Twitter says it’s working on bringing its “read the article before you retweet it” prompt to all users “soon.” The company began testing the prompt in June, which shows up when people go to retweet a story they haven’t clicked through to actually read.
Twitter says its motivation is to “help promote informed discussion.” Headlines often don’t tell the whole story and can even be actively misleading. Encouraging people to at least read the article they’re sharing seems like a smart way to promote media literacy and stop some of the knee-jerk reactions that can make misinformation viral.

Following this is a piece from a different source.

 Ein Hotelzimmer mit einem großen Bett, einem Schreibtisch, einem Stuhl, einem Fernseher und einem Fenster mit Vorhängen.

More reading – people open articles 40% more often after seeing the prompt— Twitter Comms (@TwitterComms) September 24, 2020
More informed Tweeting – people opening articles before RTing increased by 33%
Some people didn’t end up RTing after opening the article – which is fine! Some Tweets are
best left in drafts
What’s next:— Twitter Comms (@TwitterComms) September 24, 2020
Making the prompt smaller after you’ve seen it once, because we get that you get it
Working on bringing these prompts to everyone globally soon pic.twitter.com/08WygQi06G
The company shared some results from its initial test of the feature, which was limited to Twitter users on Android. It says people shown the prompt opened articles 40 percent more often and that the overall proportion of people opening articles before retweeting increased by 33 percent. The company also said that “some people” (a statistically meaningless phrase!) didn’t retweet the article after opening it up.
Twitter says it’s now “working on bringing these prompts to everyone globally soon” and that in the future, the prompt will be smaller once it’s been shown to users once (“because we get that you get it”). This isn’t the only feature Twitter’s been testing to improve life on its platform. Others include a feature that warns users before they send offensive replies and the option to limit who replies to tweets (which has now been rolled out globally).
Hopefully all this experimentation is just a warm-up for the next logical step: a warning shown to all users before they tweet anything at all.